I'll pause there and just on the summary of that trial there, Gil.
Well, that, that makes a lot of sense. So maybe focusing on this update-
Mm-hmm
that is currently guided for mid-2024, what, what can we expect to come up here? We're talking about longer follow-up, additional patients. How many additional patients?
Yes, we expect this to be a very meaningful follow-up on the trial. I would say we would probably be looking at perhaps almost double the number of patients that we have. We'll have to see, of course, as we proceed in our data cut, as we approach our mid-year target for the disclosure. But enrollment has gone extremely well. It's actually accelerating, and I think that's a very good sign as investigators are seeing their patients respond to NX-5948. A lot of enthusiasm. We're open now, well, in the U.K. and the United States. We've been open in the U.K. and the United States, and now also we're expanding into Europe, the Netherlands. Those sites are open, and we're expanding into countries in Europe.
This will be a meaningful mid-year update, and we expect also at the end of the year to once again provide a clinical update.
Okay. And kind of to set expectations, what would you consider a win in CLL?
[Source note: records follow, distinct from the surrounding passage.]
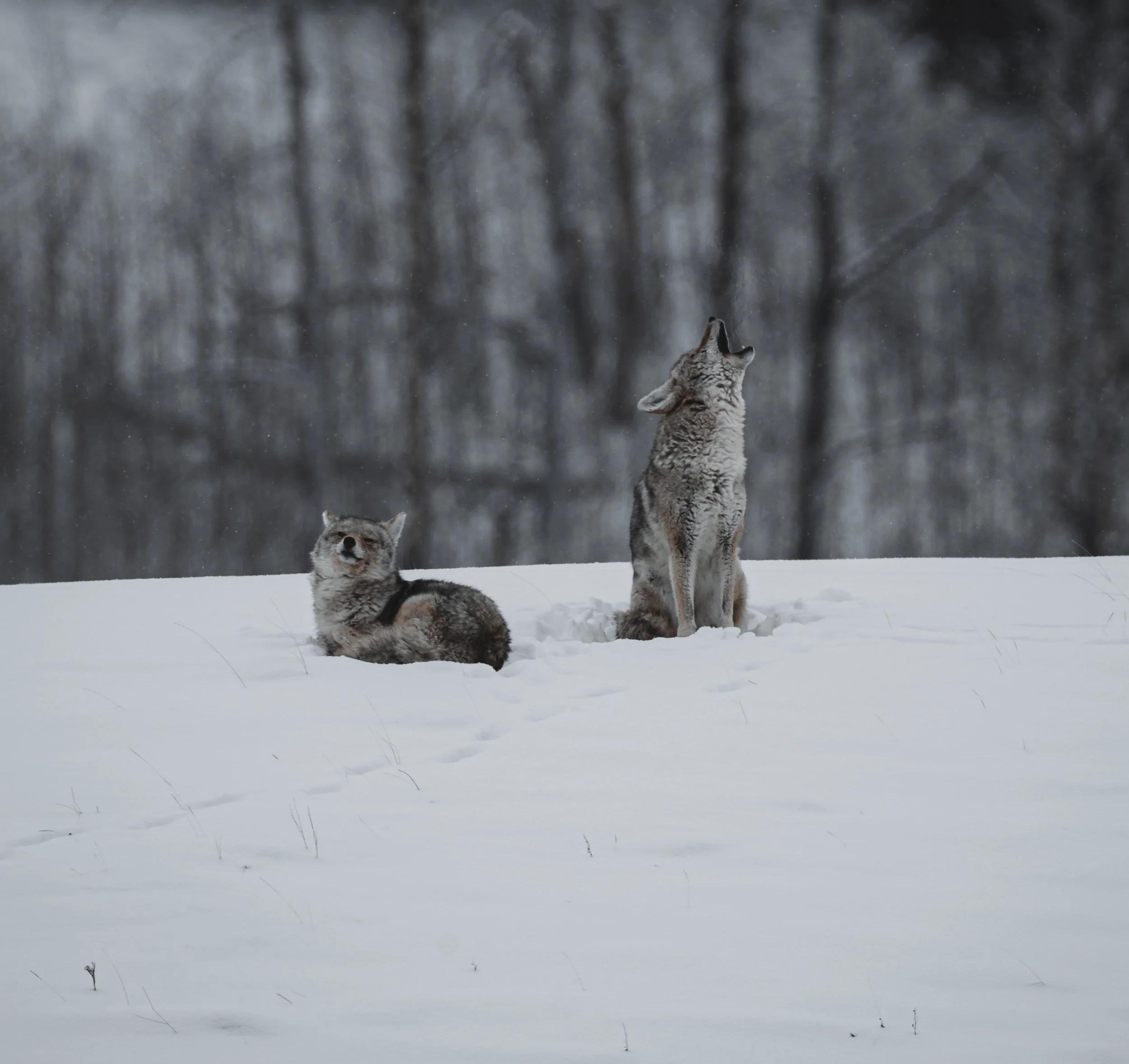 Two gray wolves in snow, one sitting and howling, the other lying down, with a foggy forest in the background.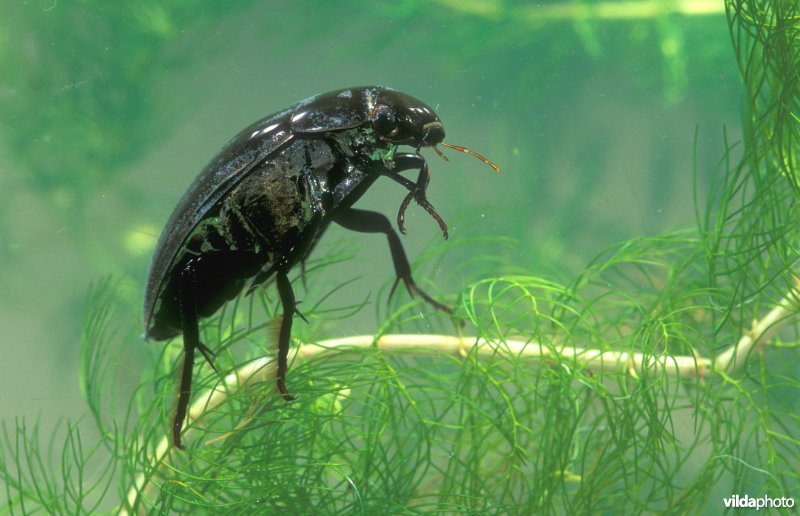 Grote spinnende watertor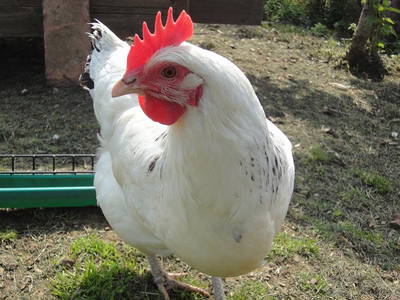 Bild 29 aus  Bio-Obstgut Oberhof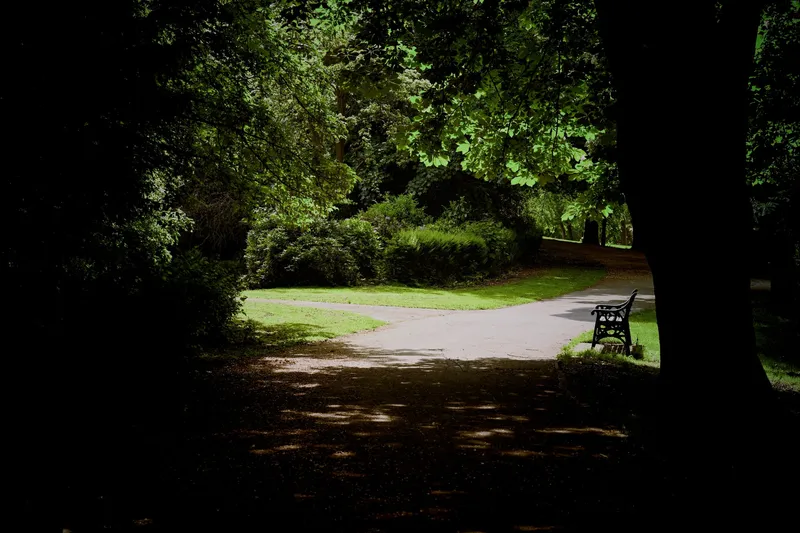 2026/05/22, photo 9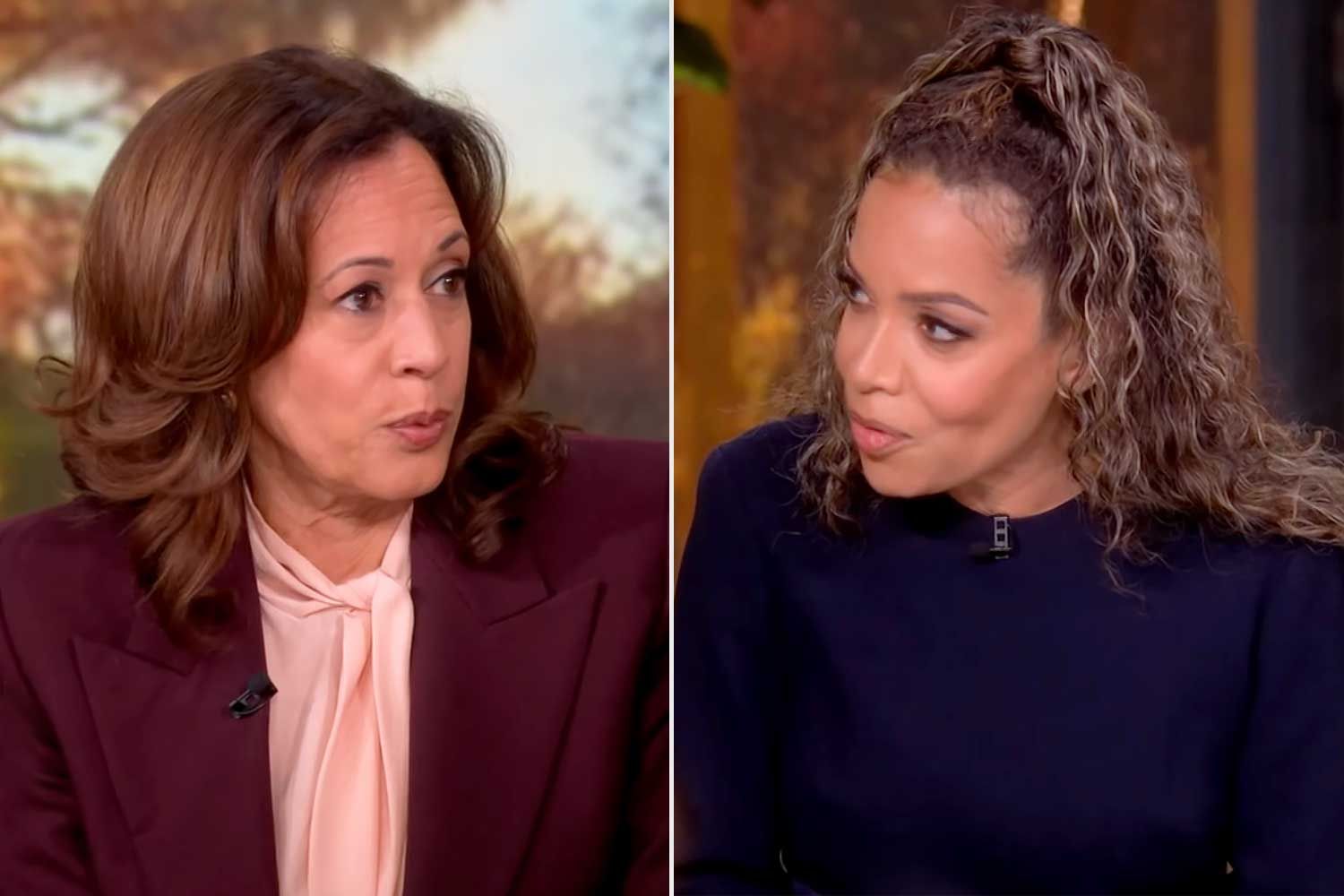 Kamala Harris reacts to ‘grenade’ “View” look that derailed marketing campaign, maintains ‘apparent’ variations from Joe Biden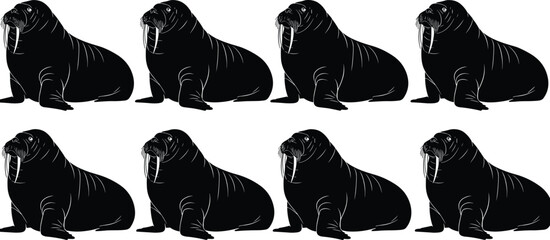 Black silhouette of walrus silhouettes in a row, flat vector illustration set isolated on white background for nature and arctic wildlife cad drawing © Sujoy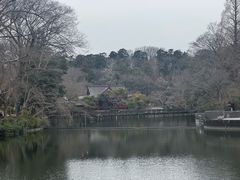 -井之头恩赐公园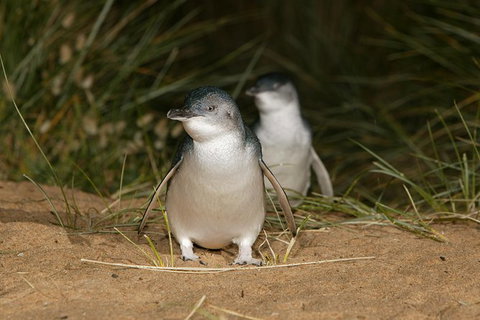 Phillip Island Penguin Highlights Day-Trip From Melbourne - Holiday Find 0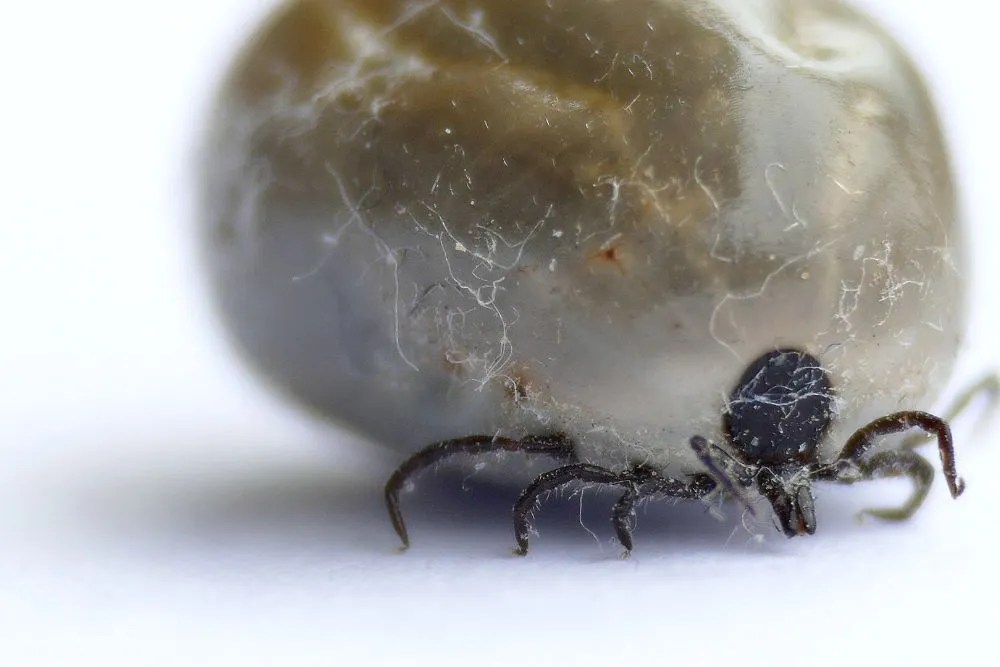 Identifying Different Maine Ticks Green Shield Pest Control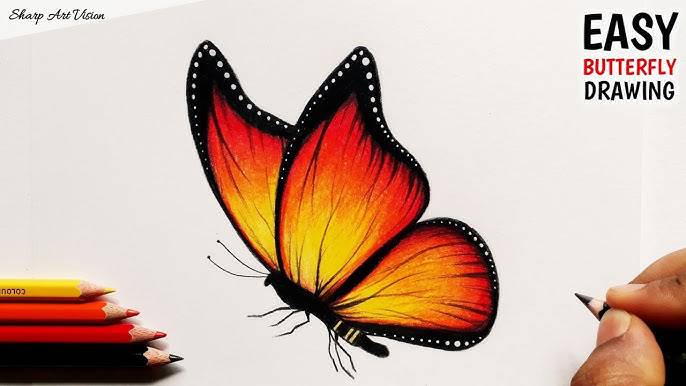 Butterflies Drawings Pinterest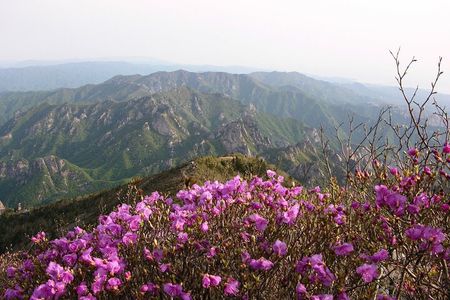 2 days Private Tour : Mt Seorak & Naksansa Temple & Nami Island 'from Seoul'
Well, if you look at these advanced lines of patients, so these patients have multiple prior lines of therapies. And we'd estimate that if you saw between 50% and 70% response rate, that would be a big win. That's really, by the way, also in a dose-escalation trial. These are patients at different doses. Once we optimize the dose, pick a dose or two doses to go forward in phase I-B, then we think we're gonna be trending towards that 70% response range in this group of patients. The earlier lines you go, the earlier lines of patients, you could probably see even higher response rates.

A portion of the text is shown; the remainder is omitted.